Linux: Changing Hostname on a Linux Server.

Changing Hostname On a Linux Server.
April 30, 2019.

The manual method:
This method will work on nearly any Linux distribution.

Before we get into this method, do note it will require you to reboot the server. Otherwise, the new hostname will not go into effect and you could wind up with some random issues—depending upon what your server is used for.

Open up a terminal window. We can find out what our current hostname is by issuing the command hostname in Linux.

[test@testdb]#hostname
#testdb.dept118.local
[test@testdb]#


To modify the hostname, we need to modify two files.
vi /etc/hostname.
In this file you will see a single line that contains your system hostname. Edit that line to reflect the new hostname. Once you’ve done that, save and close the file.

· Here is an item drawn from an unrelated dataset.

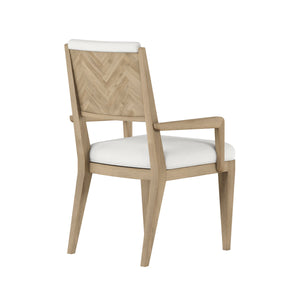 A.R.T. Furniture Garrison Arm Chair - Casual Contemporary Design With Cream Chenille & Herringbone Pattern Backrest White, Brown Parawood Solids With Ash Embossing,White Oak Veneers,Foam,Fabric 322205-1302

Now we modify /etc/hosts file.
vi /etc/hosts
In this file, you’ll want to change any instance of the old hostname to reflect the new hostname. There should only be one entry/line to change.

Save the file.
Exit.
Reboot.

Once it is up, the new hostname should take effect. Open a terminal window. Issue hostname command. You will see the new name within the prompt.

Notes on VM Linux node existing within a windows infrastructure.
When we change the hosts file and the hostname above, the DNS entries local to the Linux VM node will change to the new name, BUT, if we are connecting to this from a Windows system, say, a remote putty session or any other remote session connect, then the DNS entries within the Windows domain need to be changed to point at at the new hostname.